- [PROBLEM]:
The material below is to be copied exactly from the line with "Heart Albanian American" up to and including the line with "Schonbek Signature Villenova", with nothing else kept and no pictures.

- [INFORMATION PROVIDED]:
▶

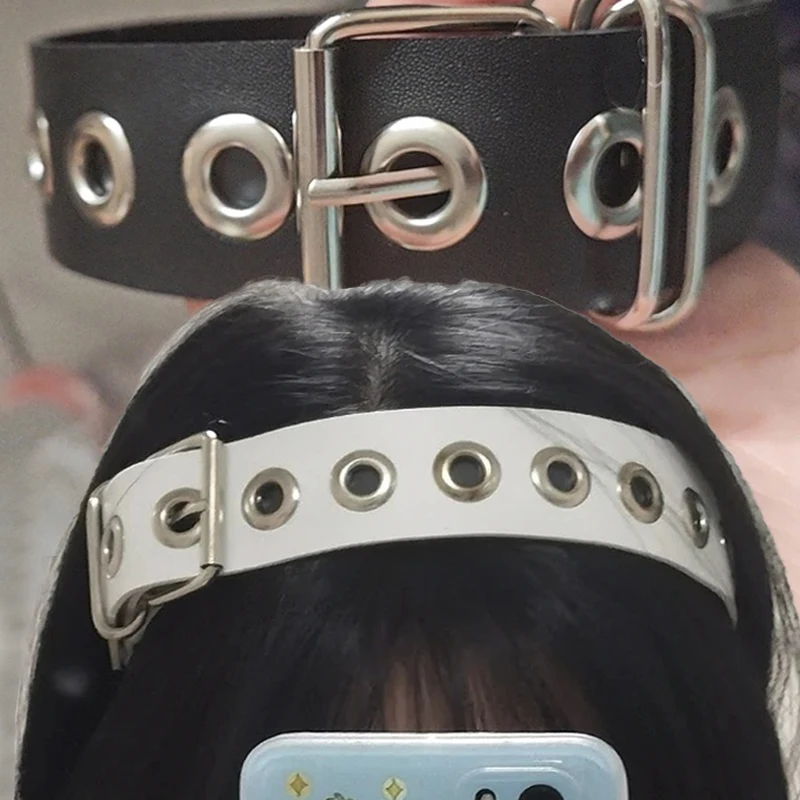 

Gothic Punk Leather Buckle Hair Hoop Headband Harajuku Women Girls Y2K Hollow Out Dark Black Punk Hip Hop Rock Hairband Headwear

◀
▶

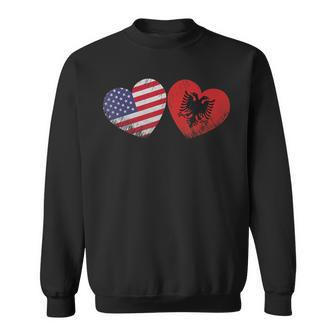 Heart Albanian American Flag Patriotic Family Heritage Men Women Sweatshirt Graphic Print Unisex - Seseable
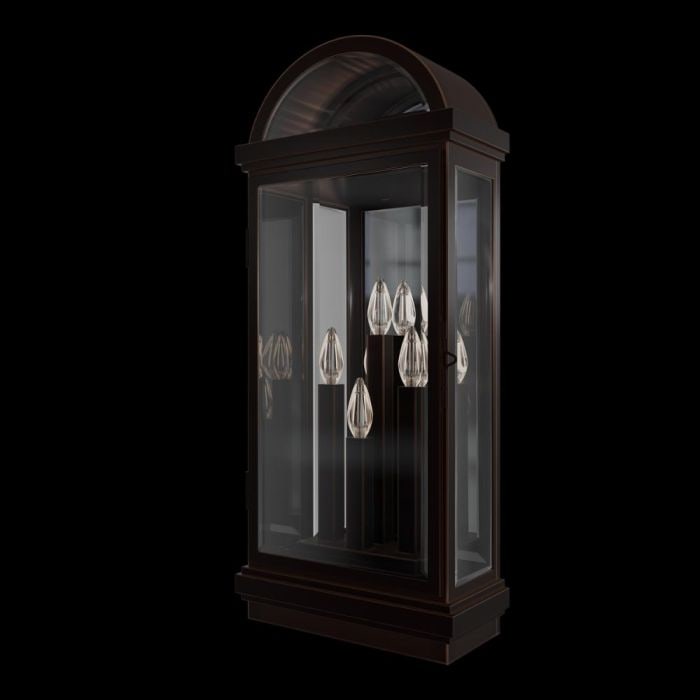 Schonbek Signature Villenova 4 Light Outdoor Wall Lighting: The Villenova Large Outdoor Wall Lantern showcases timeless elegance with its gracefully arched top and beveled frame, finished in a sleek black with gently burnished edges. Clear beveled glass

◀

- [EXERCISE SOLUTION]:
 Heart Albanian American Flag Patriotic Family Heritage Men Women Sweatshirt Graphic Print Unisex - Seseable
 Schonbek Signature Villenova 4 Light Outdoor Wall Lighting: The Villenova Large Outdoor Wall Lantern showcases timeless elegance with its gracefully arched top and beveled frame, finished in a sleek black with gently burnished edges. Clear beveled glass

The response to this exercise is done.